==== DATASET CONTENT ====
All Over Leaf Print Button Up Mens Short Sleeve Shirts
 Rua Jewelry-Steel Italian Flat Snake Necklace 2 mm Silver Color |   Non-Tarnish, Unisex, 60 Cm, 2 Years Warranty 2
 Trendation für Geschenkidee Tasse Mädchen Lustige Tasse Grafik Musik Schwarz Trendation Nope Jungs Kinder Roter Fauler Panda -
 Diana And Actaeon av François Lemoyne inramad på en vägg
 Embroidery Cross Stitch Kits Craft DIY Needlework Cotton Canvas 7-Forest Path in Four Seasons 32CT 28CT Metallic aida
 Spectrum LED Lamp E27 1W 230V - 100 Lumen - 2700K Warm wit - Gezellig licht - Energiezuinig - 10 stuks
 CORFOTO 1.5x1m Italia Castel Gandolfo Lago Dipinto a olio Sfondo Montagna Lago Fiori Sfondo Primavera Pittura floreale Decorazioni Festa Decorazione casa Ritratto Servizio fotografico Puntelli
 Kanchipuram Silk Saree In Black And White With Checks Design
====
▶ _DIRECTIONS_
The reply must hold exactly the lines from the one containing "Trendation für Geschenkidee" to the last line of the entries, and nothing more.

▶ _EXPECTED ANSWER_
 Trendation für Geschenkidee Tasse Mädchen Lustige Tasse Grafik Musik Schwarz Trendation Nope Jungs Kinder Roter Fauler Panda -
 Diana And Actaeon av François Lemoyne inramad på en vägg
 Embroidery Cross Stitch Kits Craft DIY Needlework Cotton Canvas 7-Forest Path in Four Seasons 32CT 28CT Metallic aida
 Spectrum LED Lamp E27 1W 230V - 100 Lumen - 2700K Warm wit - Gezellig licht - Energiezuinig - 10 stuks
 CORFOTO 1.5x1m Italia Castel Gandolfo Lago Dipinto a olio Sfondo Montagna Lago Fiori Sfondo Primavera Pittura floreale Decorazioni Festa Decorazione casa Ritratto Servizio fotografico Puntelli
 Kanchipuram Silk Saree In Black And White With Checks Design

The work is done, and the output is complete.